HENRY PURCELL: Twelve Sonatas in Three Parts – Retrospect Trio – Linn Records multichannel SACD CKD 374, 74:45 *****: 
ALESSANDRO SCARLATTI: Concerto Grosso No. 1 in F Minor; Concerto Grosso No. 2 in C Minor; Concerto Grosso No. 3 in F Major; Concerto Grosso No. 4 in G Minor; Concerto Grosso No. 5 in D Minor; Concerto Grosso No. 6 in E Major; Cello Sonata No. 1 in D Minor; Cello Sonata No. 2 in C Minor; Cello Sonata No. 3 in C Major – Mauro Valli, cello/ Accademia Bizantina/ Ottavio Dantone – ARTS multichannel SACD 47758-8 [Distr. by Albany], 64:11 *****:
Despite the fact that these composers hail from opposite ends of Europe, so to speak, there are some reasons that considering their works in a single review makes sense. First of all, both are far better known as composers for the voice than for instruments. Both were celebrated opera composers who set new standards in that medium for their compatriots and both were equally prized as composers of sacred music.

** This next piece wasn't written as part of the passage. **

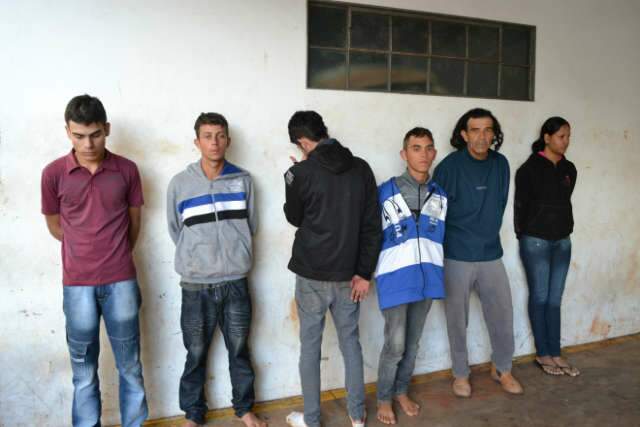 Grupo &eacute; preso por envolvimento com armas e drogas no Jardim Anache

Another important connection between the composers is the Italian one: both composers were influenced by earlier Italian violinist-composers such as Giovanni Bassani and Arcangelo Corelli, who introduced a new style of playing, and thus writing, for string instruments. In Purcell’s preface to the 1683 edition of his Twelve Sonatas, the composer professed that “he has faithfully endeavour’d to a just imitation of the most fam’d Italian Masters. . . .” Purcell went on to opine that such an attempt would elevate English music, bringing “the seriousness and gravity of that Sort of Musick into vogue, and the reputation among our Countrymen, whose humour, ’tis time now, should begin to loath the levity, and balladry, of our neighbors. . . .”  While he doesn’t make clear who those “neighbors” are, Purcell is apparently thinking of the French, whose music, until the “Italian invasion” of England, was the chief foreign influence. As Matthew Halls explains, “musical tastes at court still leant very much towards the French models, with a particular penchant for ‘theatricall musick’ and the ‘French air in song’. . . .”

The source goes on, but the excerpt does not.